INFORMATION SHOWN section start

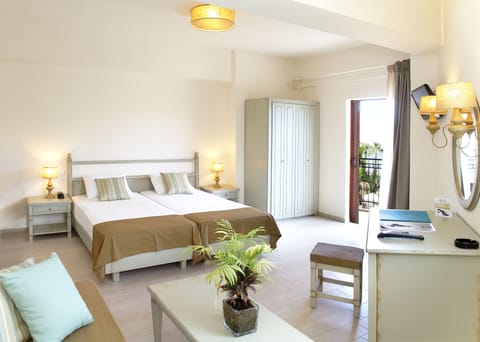 Double or Twin Room, Balcony, Sea view in Almyrida Beach Hotel | Desk, laptop workspace, blackout drapes, iron/ironing board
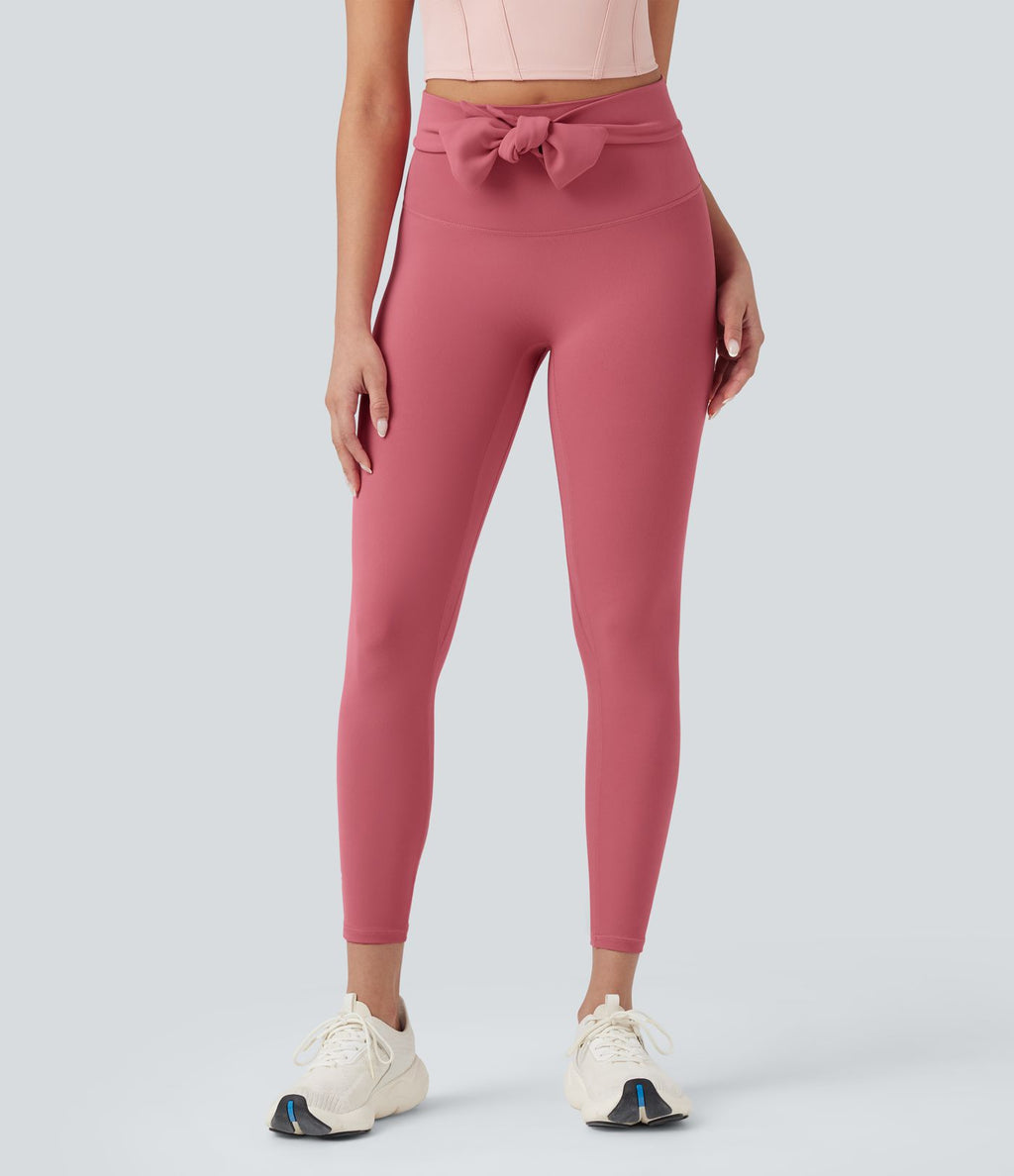 Legging yoga 7/8 SoftlyZero™ taille haute froncé avec lien dos - UPF50+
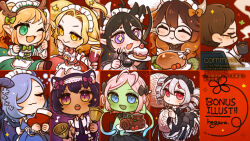 1boy 6+girls alien animal_ears arachne arthropod_girl black_dress blonde_hair blue_dress blue_hair brown_hair centaur chibi christmas colored_skin commentary_request commission cow_ears cow_girl cow_horns cup dragon_girl dragon_horns dragon_wings dress drill_hair extra_eyes fox_ears fox_girl fox_tail green_dress green_eyes green_skin grey_hair hair_over_one_eye hat hogara holding holding_cup horns insect_girl kitsune knitting lamia long_hair looking_at_viewer maid maid_headdress monster_girl multiple_girls multiple_tails original pink_hair pointy_ears purple_hair red_background red_dress red_eyes santa_hat short_hair skeb_commission spider_girl tail taur wings yarn yarn_ball yellow_eyes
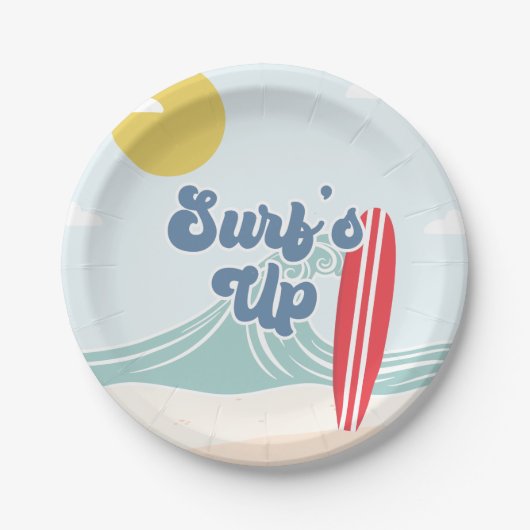 Assiettes En Carton Anniversaire de Surfs Up Beach (Devant)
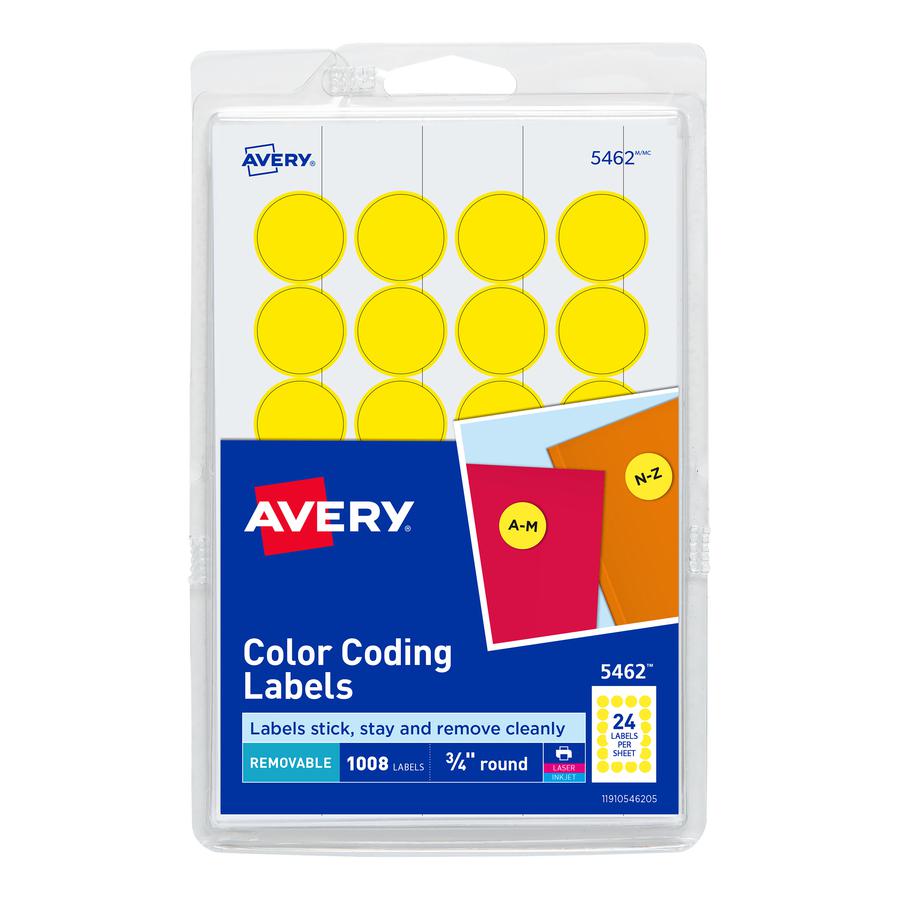 Avery&reg; 3/4" Round Removable Color Coding Labels - - Width3/4" Diameter - Removable Adhesive - Round - Laser, Inkjet - Yellow - Paper - 24 / Sheet - 42 Total Sheets - 1008 Total Label(s) - 1008 / P. Picture 2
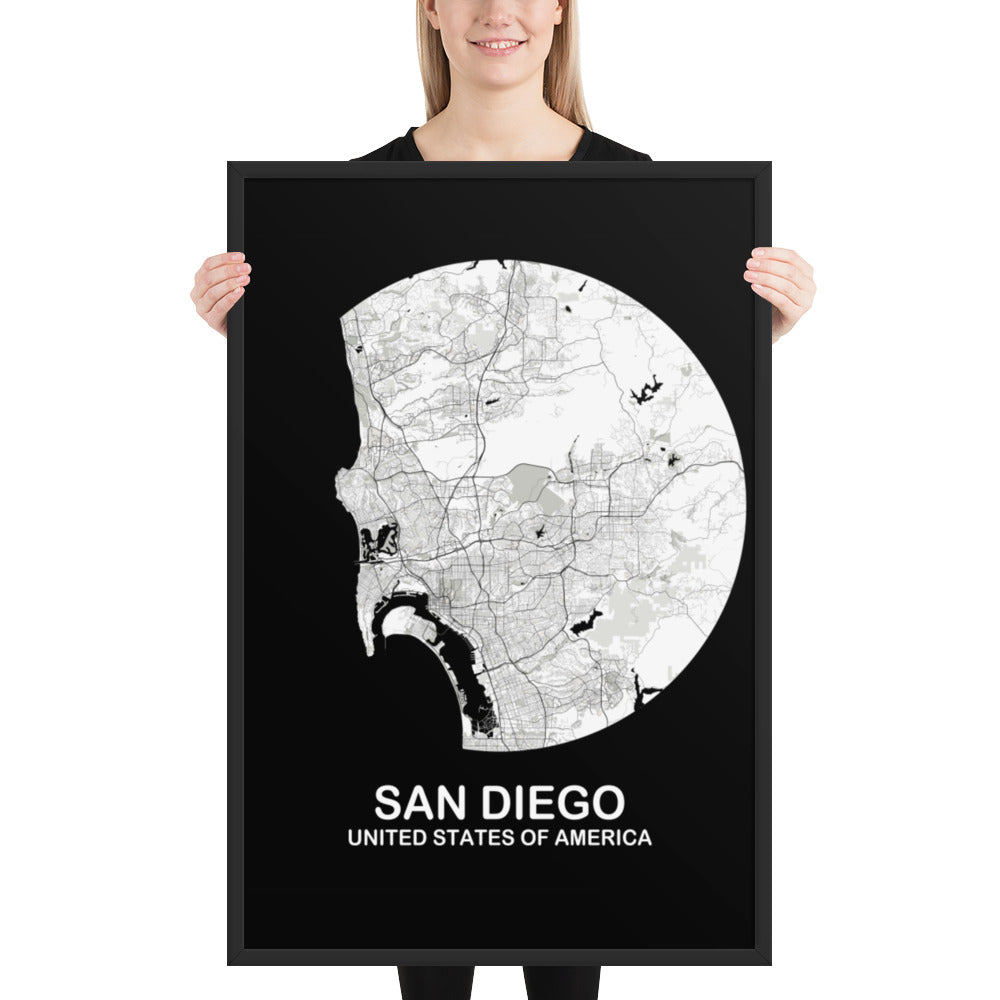 San Diego Circular White Framed Map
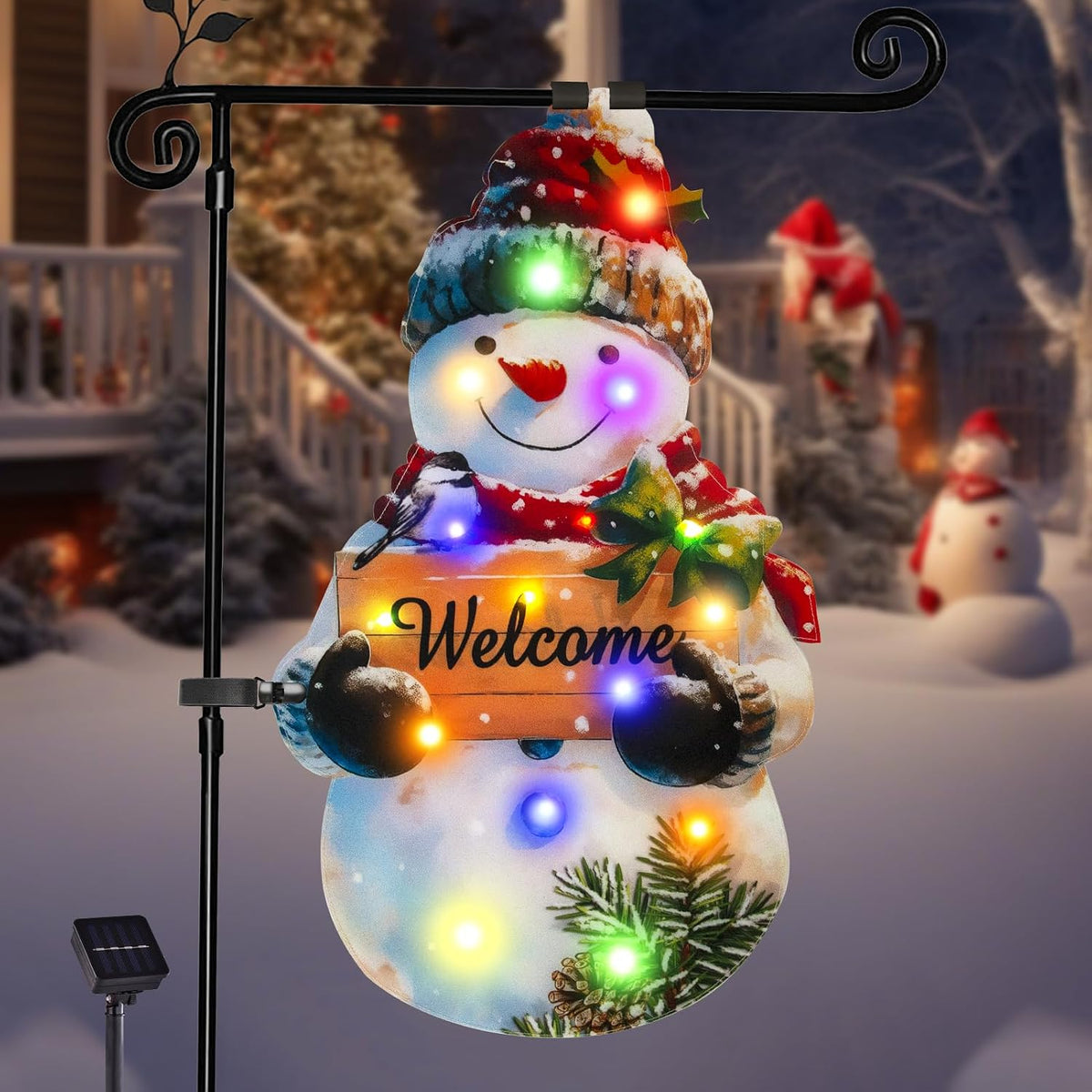 Lighted Christmas Snowman Garden Flag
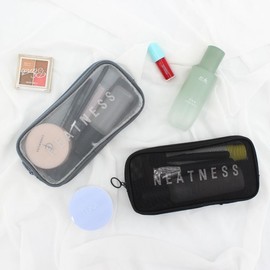 Cosmetic Mesh Net Pouch for Foundation and Toiletries Lip Balm Pink 2ea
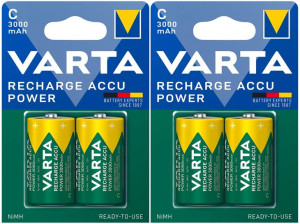 4x Akumulatorki Varta R14 C Hr14 3000mah Baterie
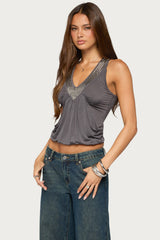 Brise Studded Draped Top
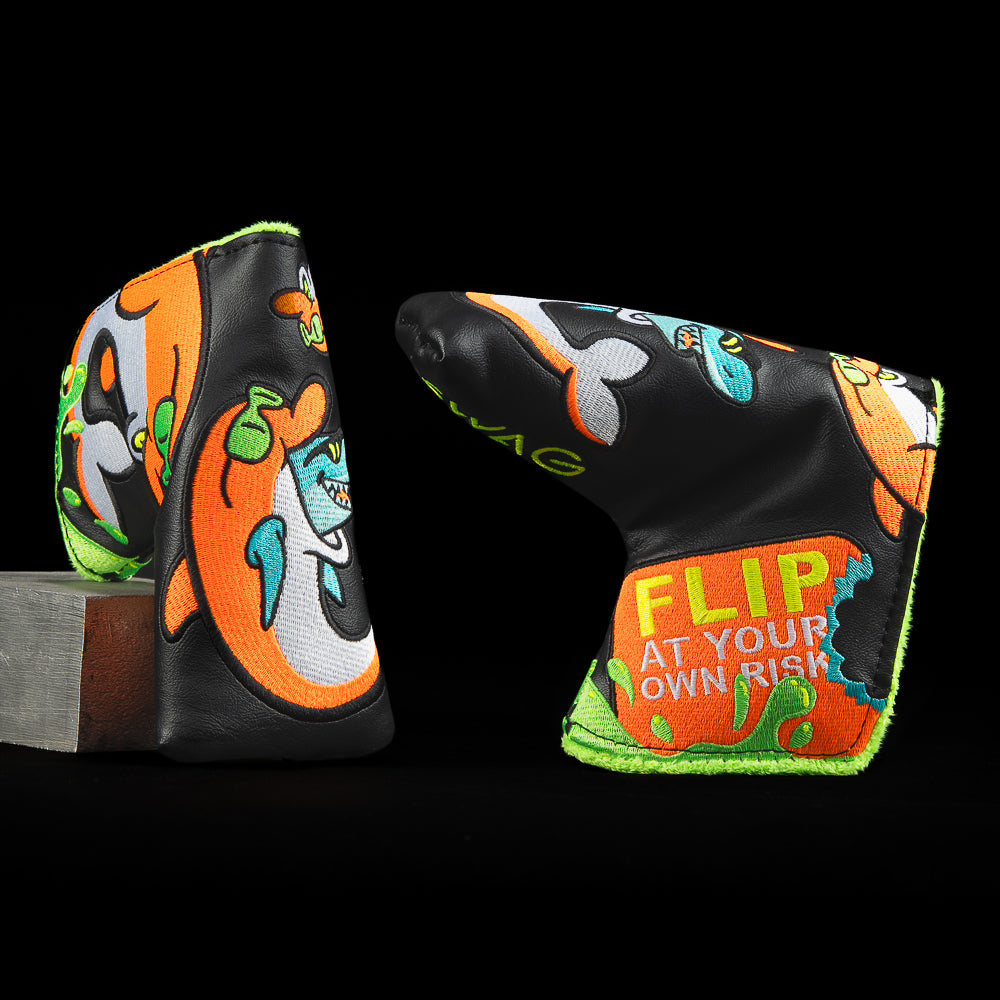 Flipper Bait Standard Blade Putter Cover with neon cartoon dolphins and “Flip at your own risk” tag.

INFORMATION SHOWN section end

* **ABOUT THIS TASK**: Your copy should hold only the lines running from the one that contains "Cosmetic Mesh Net" through the final line of the data; transcribe them exactly, both ends included, and leave pictures out.

* **WRITTEN SOLUTION**:
 Cosmetic Mesh Net Pouch for Foundation and Toiletries Lip Balm Pink 2ea
 4x Akumulatorki Varta R14 C Hr14 3000mah Baterie
 Brise Studded Draped Top
 Flipper Bait Standard Blade Putter Cover with neon cartoon dolphins and “Flip at your own risk” tag.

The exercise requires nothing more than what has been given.